PULLMAN _ Washington State University athletic director Jim Sterk had Plan B ready just in case football coach Mike Price departed for greener pastures.
It wasn't complicated.
"If I thought someone else out there would fit better and be better with the team and the school than Bill Doba, then you go outside," Sterk said. "I felt I just had to walk across the hall. I slept like a baby last night."
Doba was officially elevated from defensive coordinator to head coach Wednesda
y -- a promotion that seemed to calm the frayed nerves of players still reeling from Price's decision to bolt for Alabama. The handoff from Price to Doba didn't take long. It started about 4 p.m. Tuesday with a brief meeting in Price's office.
"Mike came to me and told me he was leaving and that he thought I was going to be the next head coach here," Doba said. "He didn't ask if I wanted to be the head coach or anything. It was, `This is what I'm doing and this is what you should do."'
As it turned out, it was precisely Doba's intentions.

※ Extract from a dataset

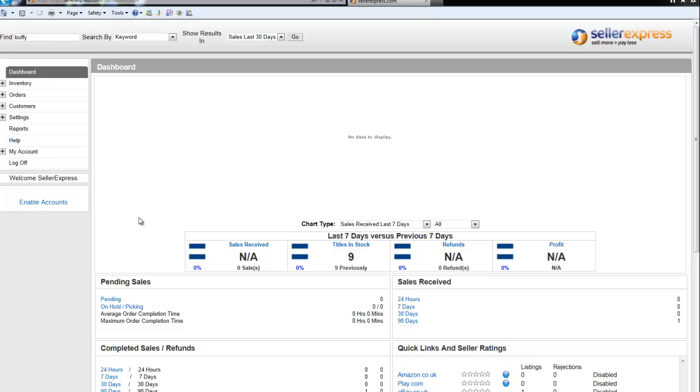So with the Find box you can track down any specific products you're looking for with the simplest of information.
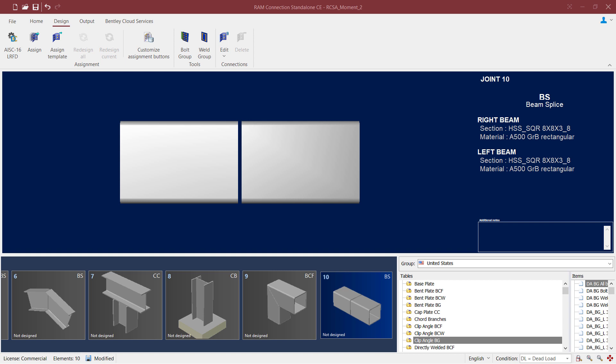Welcome to the Bentley Systems training class where you will learn how to design connections in RAM Connection standalone. For this particular video, we're going to be assigning a beam splice connection for a beam splice that has square hollow structural sections and also has a moment imposed on it.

"It's the dream of a lifetime," Doba said.
Doba, 62, agreed to a five-year contract, but financial terms were still under discussion. His base salary figures to be about $500,000 and he could earn as much as $800,000 with incentives. Doba's present base salary is $129,996. He has been WSU's defensive coordinator since 1994. Price hired Doba as part of his first staff in 1989.

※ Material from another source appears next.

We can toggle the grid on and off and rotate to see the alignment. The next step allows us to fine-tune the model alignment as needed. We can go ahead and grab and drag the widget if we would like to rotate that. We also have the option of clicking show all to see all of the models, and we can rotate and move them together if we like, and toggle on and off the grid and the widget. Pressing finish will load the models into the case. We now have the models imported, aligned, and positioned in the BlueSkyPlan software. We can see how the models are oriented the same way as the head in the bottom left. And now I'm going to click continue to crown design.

"It's the perfect hire," said defensive ends coach Robb Akey, who is expected to become Doba's defensive coordinator. "It couldn't happen to a better individual."
Roughly 18 hours earlier, Price announced his departure in the same auditorium where Doba was introduced at a Wednesday news conference. Players who left Tuesday night's meeting teary-eyed and somber were buoyed by Doba's appointment.
"We're losing a good head coach," senior linebacker Mawuli Davis said, "but we're also gaining a good head coach. A lot of the players were reeling last night and kind of unsure and feeling really bad. I love Coach Price and think the world of him and don't harbor any bad feelings toward him.
"With Coach Doba coming in, it takes away some of the sting."
Junior cornerback Jason David was particularly upset by Price's departure Tuesday night. By midday Wednesday, he sounded like a different person.
"This press conference was a little more uplifting," David said. "I'm excited for Coach Doba and what he's going to do in this program.
"There were a lot of smiling faces. People were sad (Tuesday) because they were upset. Today, this is a good thing going on."
Doba said his immediate goals are to assemble a staff, reassure recruits and continue preparations for the Rose Bowl game against Oklahoma on Jan. 1.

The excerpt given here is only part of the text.